Why Some Vehicles Have 24 Volt Electrical Systems
Specialty vehicles such as boats, trucks, buses and motor homes will frequently have 24 Volt electrical systems.
The decision to build a vehicle in this fashion is often an economic one that has to do with the cost of wire. Simply put, the cost of the wire necessary to build a 24 Volt electrical system is less than the cost of the wire for a 12 Volt electrical system.
On smaller vehicles, the wire cost compared to the cost an extra battery is not enough to justify adding an additional battery. However, on vehicles that approach 40 ft in length and have electrical devices in every conceivable nook and cranny, the cost of wire adds up quick.
The Problem with 24 Volt Electrical Systems
The 24 Volt electrical system in a vehicle is built by placing two 12 Volt batteries in series (or end to end). IF the only devices that are connected to the electrical system are 24 volt devices, the problems are minimal and are generally not worth being concerned about.
HOWEVER, there are occasions when it is desirable to add 12 volt devices to a 24 volt system. Often times, the addition of these 12 volt components has to do with the higher cost and limited availability of equivalent 24 volt devices.
IF 12 volt components are added to a 24 volt system, problems with the batteries can and frequently will develop.
Let’s first examine the discharge cycle in such a system. As shown in the picture below:
- The Alternator which charges the battery is off. As a result, power being supplied to both 12V and 24 Devices is coming from the batteries alone.
- Battery A is supplying power to 12V devices and 24 volt devices.
- Battery B is only supplying to 24V devices.
The net result is that Battery A is being discharged faster than Battery B.
After the discharge cycle, we’re left with two batteries that are at different states of charge.
- Battery A, which has been powering both 12 Volt and 24 Volt devices is significantly discharged.
- Battery B, which has been powering only 24 volt devices, retains significantly more charge than Battery A.
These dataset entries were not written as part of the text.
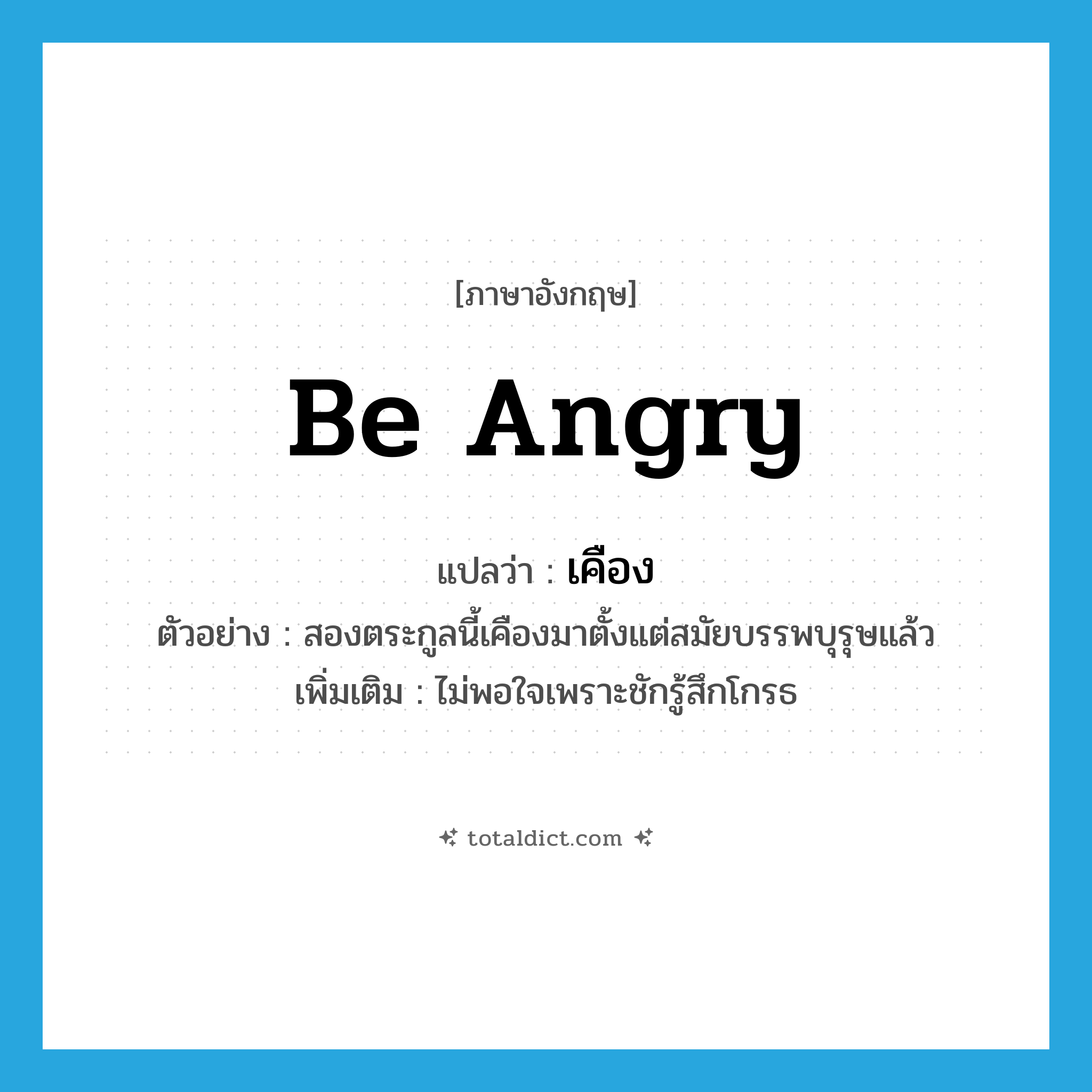 be angry แปลว่า?, คำศัพท์ภาษาอังกฤษ be angry แปลว่า เคือง ประเภท V ตัวอย่าง สองตระกูลนี้เคืองมาตั้งแต่สมัยบรรพบุรุษแล้ว เพิ่มเติม ไม่พอใจเพราะชักรู้สึกโกรธ หมวด V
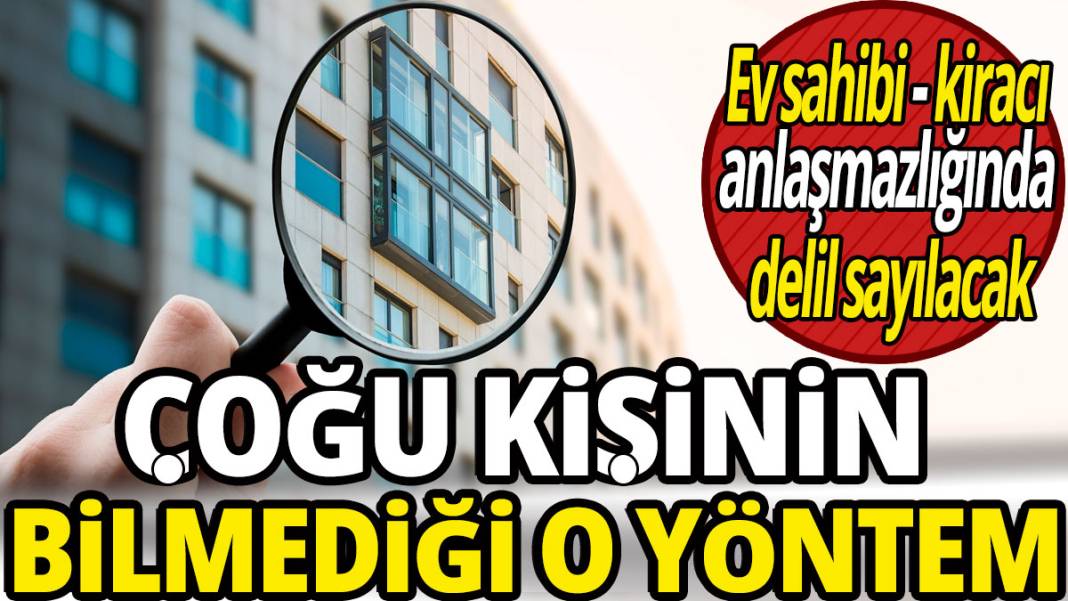 Ev sahibi kiracı anlaşmazlığında delil sayılacak:  O masraftan kurtaracak yöntem 1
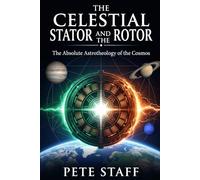 THE CELESTIAL STATOR AND THE ROTOR: The Absolute Astrotheology of the Cosmos: 2 (The Nine Volumes of the Aquarian Religion)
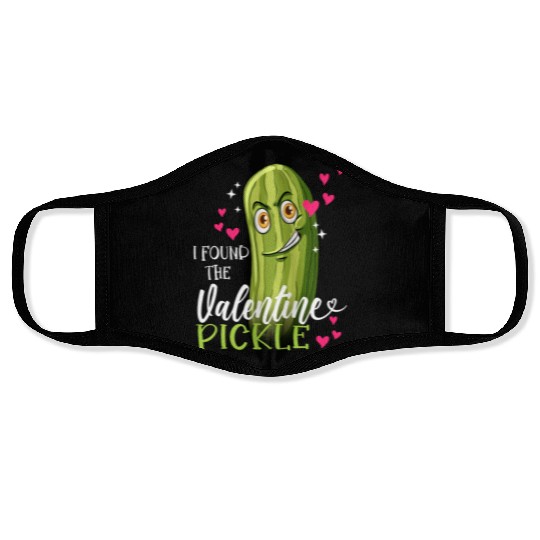 I Found The Valentine Pickle funny couples in love Face Masks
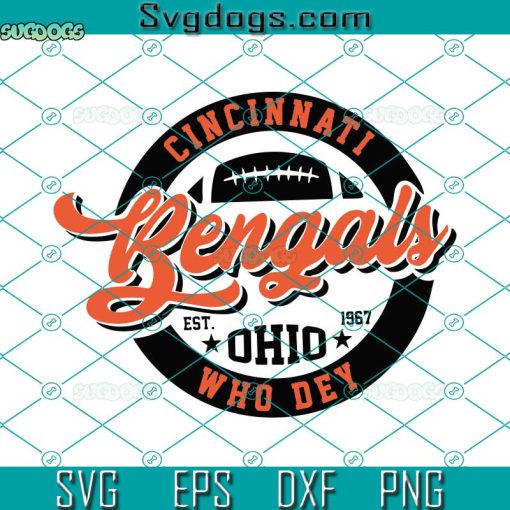 Cincinnati Bengals Ohio Who Dey SVG, Bengals School Team Mascot SVG, Who Dey SVG PNG EPS DXF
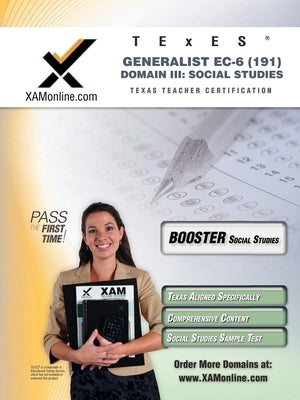 TExES Generalist Ec-6 191 Social Studies Boost Edition by Wynne, Sharon A.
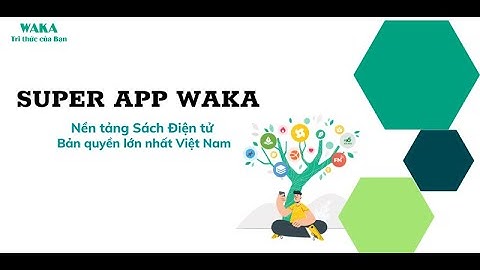 Giới thiệu về WAKA và Supper app WAKA 4.0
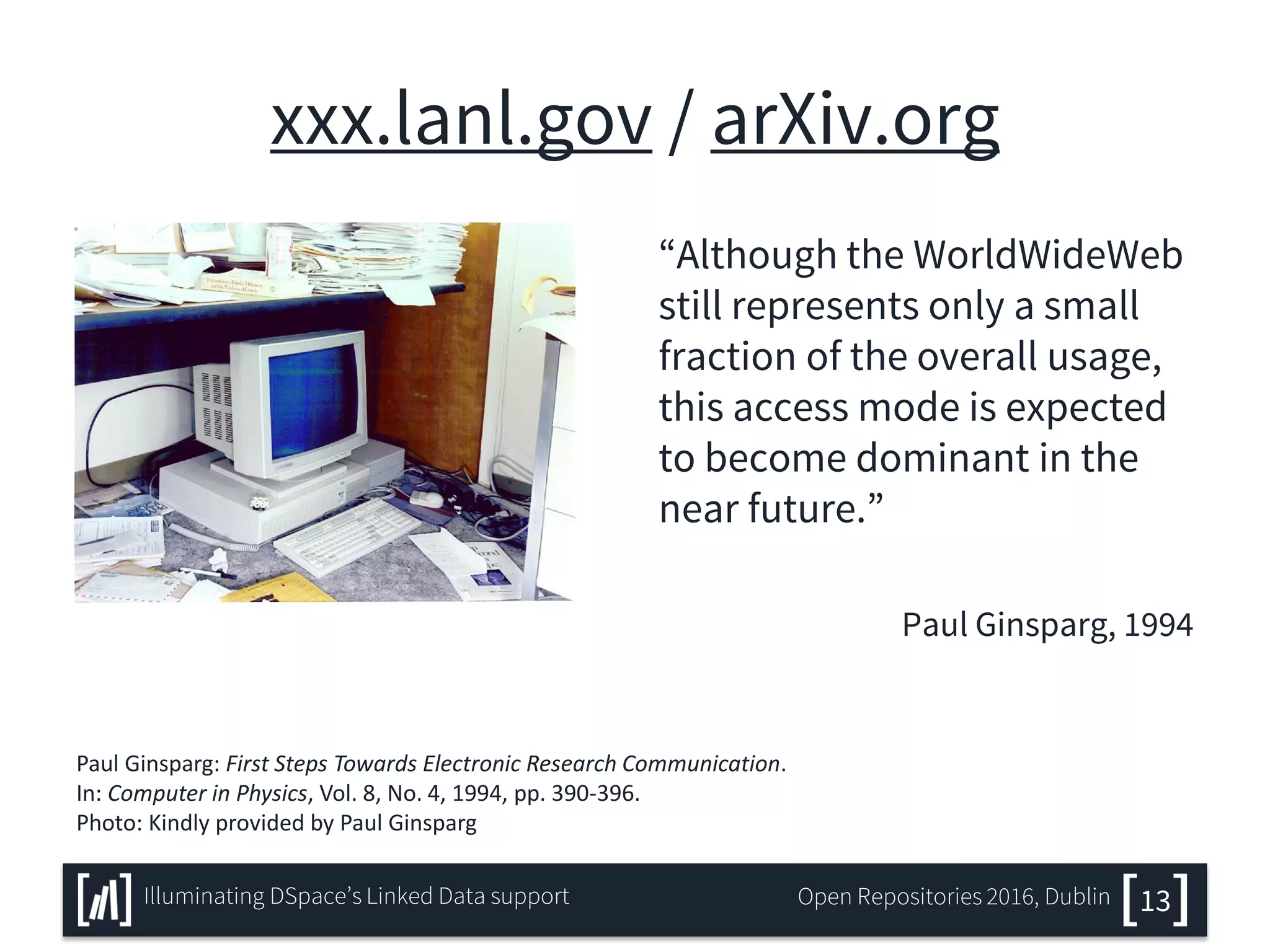 xxx.lanl.gov / arXiv.org
“Although the WorldWideWeb
still represents only a small
fraction of the overall usage,
this access mode is expected
to become dominant in the
near future.”
Paul Ginsparg, 1994
13Illuminating DSpace’s Linked Data support Open Repositories 2016, Dublin
Paul Ginsparg: First Steps Towards Electronic Research Communication.
In: Computer in Physics, Vol. 8, No. 4, 1994, pp. 390-396.
Photo: Kindly provided by Paul Ginsparg
 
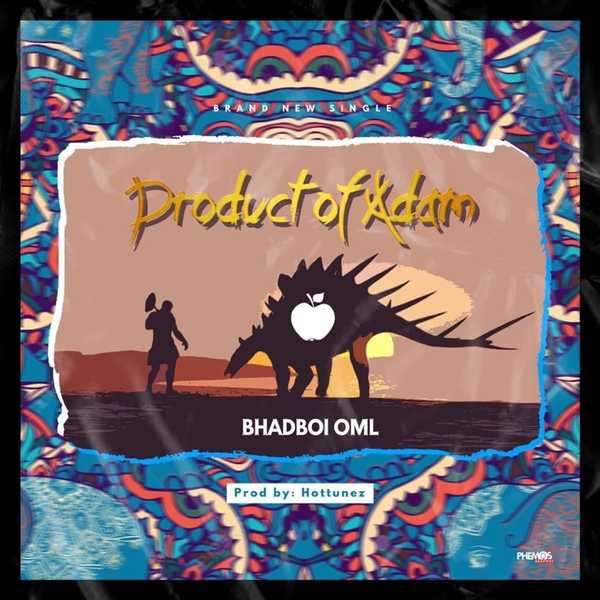 Bhadboi OML – Product Of Adam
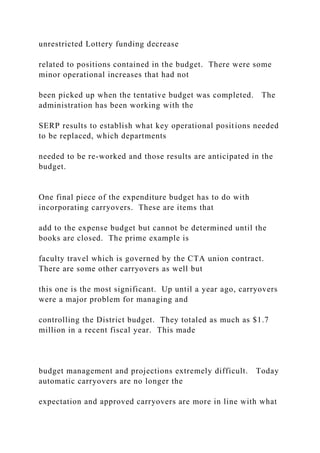 unrestricted Lottery funding decrease
related to positions contained in the budget. There were some
minor operational increases that had not
been picked up when the tentative budget was completed. The
administration has been working with the
SERP results to establish what key operational positions needed
to be replaced, which departments
needed to be re-worked and those results are anticipated in the
budget.
One final piece of the expenditure budget has to do with
incorporating carryovers. These are items that
add to the expense budget but cannot be determined until the
books are closed. The prime example is
faculty travel which is governed by the CTA union contract.
There are some other carryovers as well but
this one is the most significant. Up until a year ago, carryovers
were a major problem for managing and
controlling the District budget. They totaled as much as $1.7
million in a recent fiscal year. This made
budget management and projections extremely difficult. Today
automatic carryovers are no longer the
expectation and approved carryovers are more in line with what
 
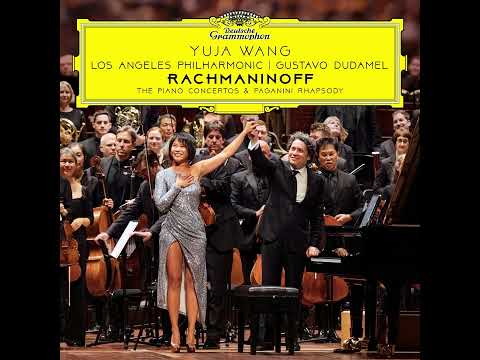 Yuja Wang, Gustavo Dudamel, LA Philharmonic - Rachmaninoff: Piano Concerto No. 3 in D minor, Op. 30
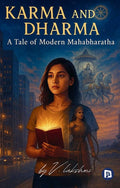 KARMA AND DHARMA : A TALE OF MODERN MAHABHARATHA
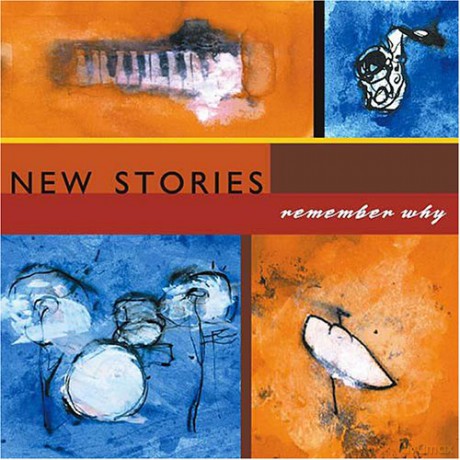 New Stories: Remember Why [CD]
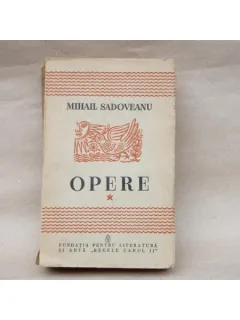 Opere 1904 - 1917 , Mihail Sadoveanu , 1940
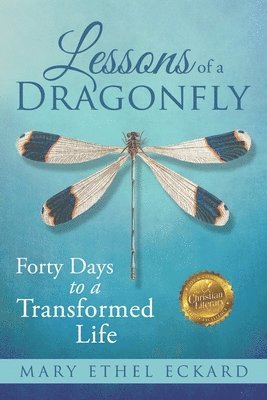 Mary Ethel Eckard - Lessons of a Dragonfly: Forty Days to a Transformed Life, Häftad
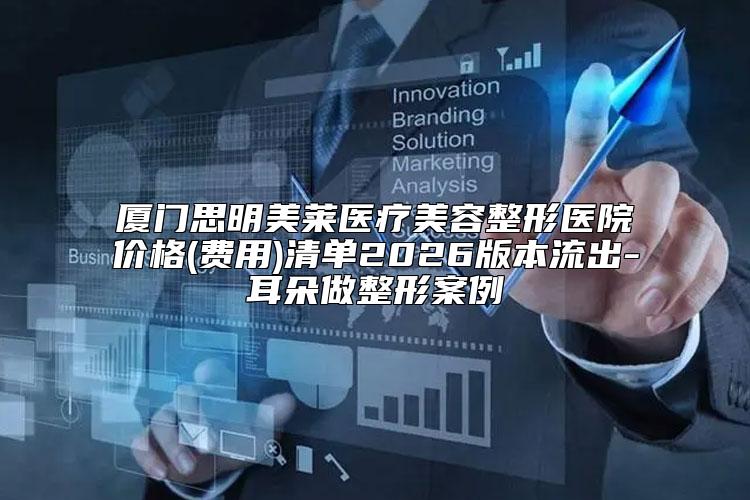 厦门思明美莱医疗美容整形医院价格(费用)清单2026版本流出-耳朵做整形案例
Thus we begin the charge cycle by turning the alternator on.
A NOTE HERE: The alternator is a 24 volt alternator. In a sense, it treats both 12 volt batteries as if they were one big single 24 volt battery. It has no way of knowing that each of the two batteries are different states charges. It will just keep charging.
Referring to the picture below:
- Battery B, will charge up completely.
- The Alternator will keep charging because the sum of both batteries is still less than the state of charge for a 24 Volt Battery
- Battery B, will overcharge and start losing electrolyte and thus become permanently damaged
- Battery A, may never become fully charged, thus making it susceptible to electrode damage caused by chronic undercharging.
What a Battery Equalizer Does
The battery equalizer solves both problems of imbalanced battery discharging and charging.
Let’s look at the two primary modes of operation.
Referring to the picture below, let’s examine the discharge cycle with a battery equalizer.
- The Battery Equalizer senses that battery A is being asked to work harder by supply power to both 12 Volt and 24 Volt devices
- The Battery Equalizer then diverts power from Battery B so that the demands being placed on both batteries is equal.
- The result is that battery A and battery B discharge equally.
- The alternator begins charging and supplying power for the 12 volt and 24 volt loads.
- The battery equalizer senses and imbalance between the charge voltage applied to battery A and Battery b.
- The battery equalizer redirects some of the power coming from the alternator so that the charge voltages being applied to battery A and battery B are equal.
What’s important to remember from this article is that without the battery equalizer, there is a risk of permanent damage to both batteries.
With the battery equalizer, the risk of damage is substantially reduced because because the discharging and charging of both batteries has been equalized.